(Bloomberg) — Payments-technology startup Lithic, formerly known as Privacy.com, raised $60 million in a funding round led by growth-equity firm Stripes.
Bessemer Venture Partners, Index Ventures, Exor, Tusk Venture Partners, Rainfall and Commerce Ventures also participated in the round, Lithic co-founder and Chief Executive Officer Bo Jiang said in an interview. The transaction quintupled the card-issuing platform’s valuation to $800 million, according to people with knowledge of the matter.
“The process for issuing cards is expensive and archaic,” Jiang said, adding that Lithic builds infrastructure and developer tools to make it simpler for companies to issue debit and credit cards. “Our goal is to make it as fast and as easy as possible.”
The New York-based startup, which Jiang co-founded in 2014 with Jason Kruse and David Nichols, will use the fresh funding to expand its team and grow its platform through strategic acquisitions and international expansion. Canada is among countries that are a “natural” next step, he said.
Lithic has grown substantially amid its application to uses including digital banking and disbursements, Jiang said. Since the beginning of 2021, transaction volumes have quadrupled to more than $1 billion in annual processing volume, a figure he expects to reach $2.5 billion by the of the year. He credited the likes of Stripe, Adyen NV and Braintree for dramatically reducing the complexity and time to market for card acceptance, and fueling demand for issuer technology from both financial-technology and non-fintech companies.

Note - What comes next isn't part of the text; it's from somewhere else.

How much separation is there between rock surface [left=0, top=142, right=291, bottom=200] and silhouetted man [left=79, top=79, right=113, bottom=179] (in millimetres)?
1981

Lithic, which competes against Marqeta Inc. and SoFi Technologies Inc.’s Galileo Financial Technologies, started out with a consumer-facing product — Privacy.com, which lets users create single-use credit cards in an effort to combat fraud — before bolstering its business with an enterprise offering. “We built a platform for ourselves that we knew other developers would find useful too,” Jiang said.
“Card issuing is the next big frontier in fintech as companies of all shapes and sizes begin to understand the power of highly configurable virtual and physical cards,” Saagar Kulkarni, a partner at Stripes, said in an emailed statement. “Lithic makes it incredibly easy for developers to build on the card rails, and we are only scratching the surface of use cases that will emerge over time.”
(Updates with Commerce Ventures’ participation in second paragraph.)